▶ _What you are asked to do_:
Go through the records and transcribe them exactly, passing over any picture.

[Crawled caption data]
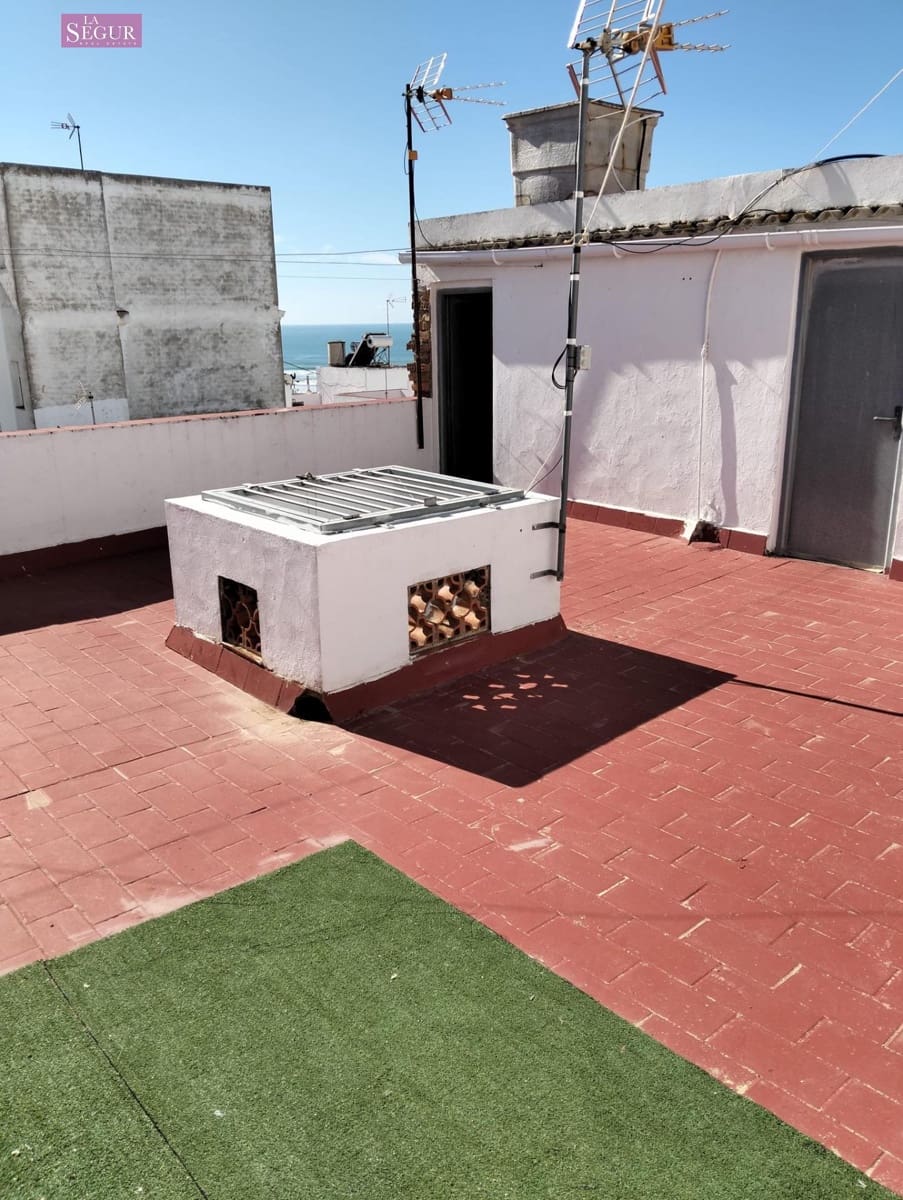 2 bedroom Apartment for sale in Conil de la Frontera - € 246,000 (Ref: 9470659)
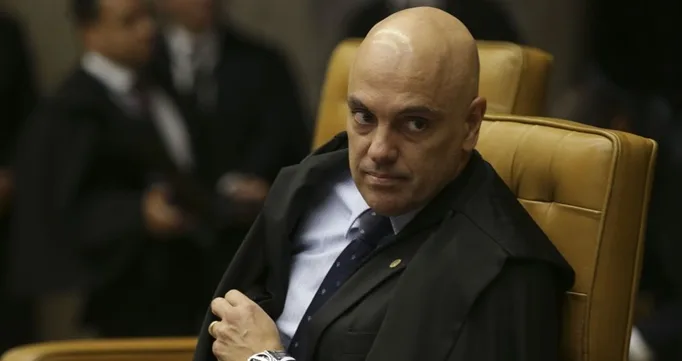O ministro Alexandre de Moraes durante o julgamento em que decidem pela legalidade ou não da prática de sacrifícios animais em cultos religiosos.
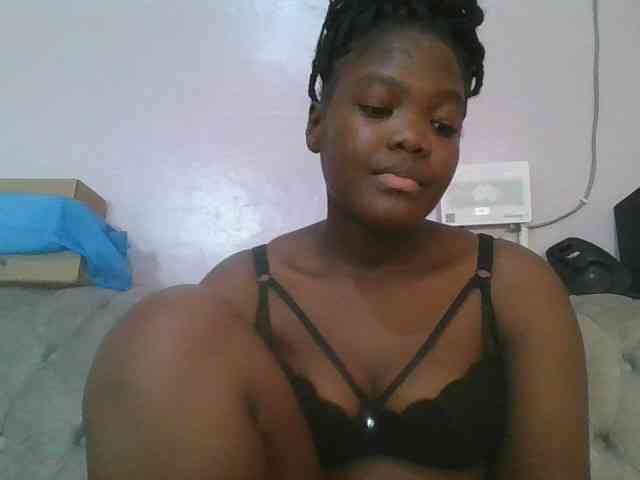 Sexyicey webcam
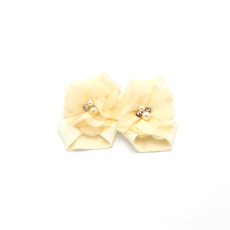 Beige sandals with beads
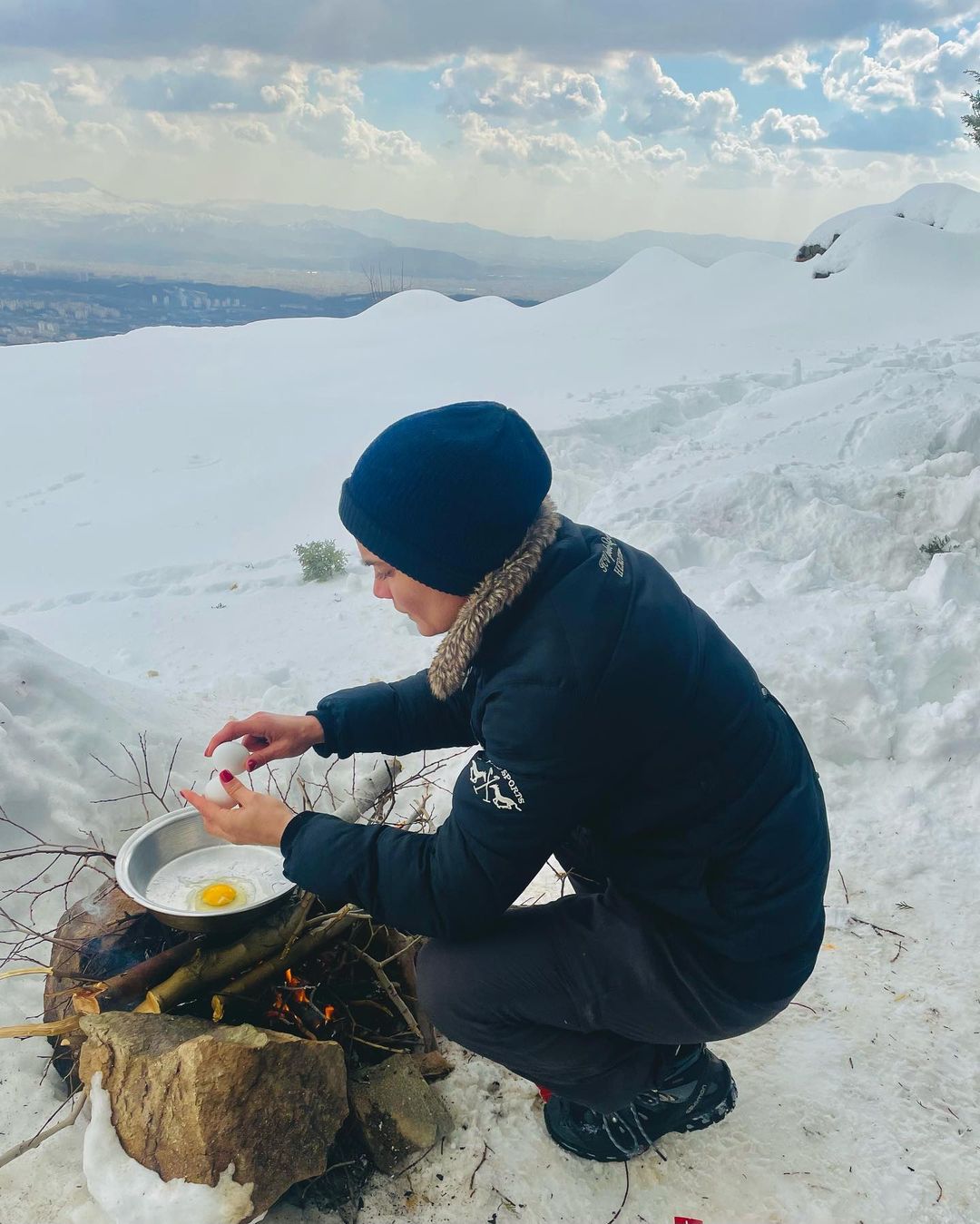 آشپزی جالب و باورنکردنی تینا آخوندتبار در ارتفاعات تهران!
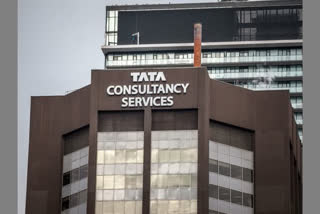 TCS quarterly net profit falls nearly 14 pc to Rs 7,008 cr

▶ _Written answer_:
 2 bedroom Apartment for sale in Conil de la Frontera - € 246,000 (Ref: 9470659)
O ministro Alexandre de Moraes durante o julgamento em que decidem pela legalidade ou não da prática de sacrifícios animais em cultos religiosos.
 Sexyicey webcam
 Beige sandals with beads
 آشپزی جالب و باورنکردنی تینا آخوندتبار در ارتفاعات تهران!
 TCS quarterly net profit falls nearly 14 pc to Rs 7,008 cr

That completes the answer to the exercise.